La tabella 3 ci permette anche di valutare il ricorso ad elezioni anticipate e la stabilità degli esecutivi comunali, per questi 76 casi. In totale sono il 63% i comuni che rinnovano i propri organi alla scadenza naturale, con una durata media della legislatura che sfiora i 4 anni e mezzo. Al nord sono oltre i due terzi le legislature complete, nella zona rossa il 75%. Solo al sud si è manifestata una minore stabilità, con oltre quattro comuni su dieci chiamati al voto anticipatamente.

Veniamo infine al ricorso ai ballottaggi. La tabella 4 mostra che esattamente metà dei comuni ha eletto il proprio sindaco al primo turno e metà ha invece avuto bisogno del secondo.

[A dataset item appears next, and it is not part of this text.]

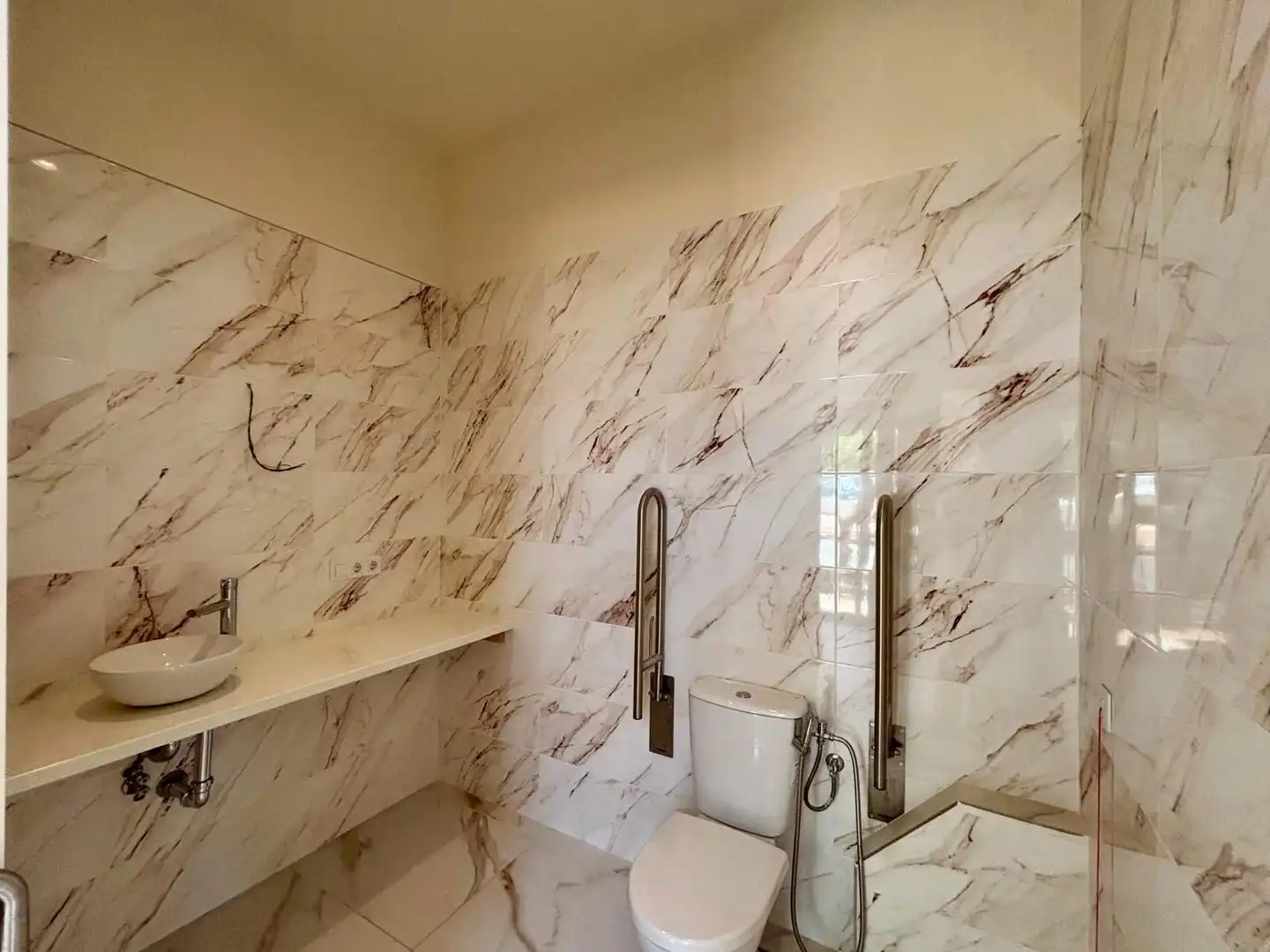 Baño de Local de alquiler en Güímar con Aire acondicionado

Questo singolare risultato si ripete curiosamente in tutte e tre le zone geografiche. Interessante rilevare come anche i sindaci del centrodestra si dividano perfettamente a metà fra quelli eletti al primo turno e quelli eletti invece al ballottaggio (22 in entrambi i casi). Lo stesso avviene anche per il centrosinistra: sono dunque 13 gli eletti  in turno unico, contro i 13 dei due.

Tab. 4 –  I comuni non capoluogo di provincia con almeno 15000 abitanti al voto nel 2013, per zona geografica e turno di elezione del sindaco nella precedente consultazione.

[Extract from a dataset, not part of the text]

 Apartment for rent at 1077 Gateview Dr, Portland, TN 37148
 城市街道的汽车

In conclusione notiamo come non vi sia una relazione fra il turno di elezione e la durata dell’esecutivo. Ci si potrebbe attendere che i sindaci eletti al secondo turno, disponendo di un consenso meno largo rispetto ai colleghi vincitori già al primo turno, possano avere maggiori difficoltà a portare a termine la legislatura. In realtà, fra i comuni che votano dopo cinque anni, la maggioranza aveva eletto il sindaco in due turni (26 contro 22). Invece i vincenti al primo turno sono la maggioranza fra quanti non hanno completato la legislatura (16 a 12).


[1] Sul punto si vedano, Chiaramonte A. e R. D’Alimonte, The Twilight of the Berlusconi Era: Local Elections and National Referendums in Italy, May and June 2011, South European Society and Politics, Vol. 17, No. 2, June 2012, pp. 261–279.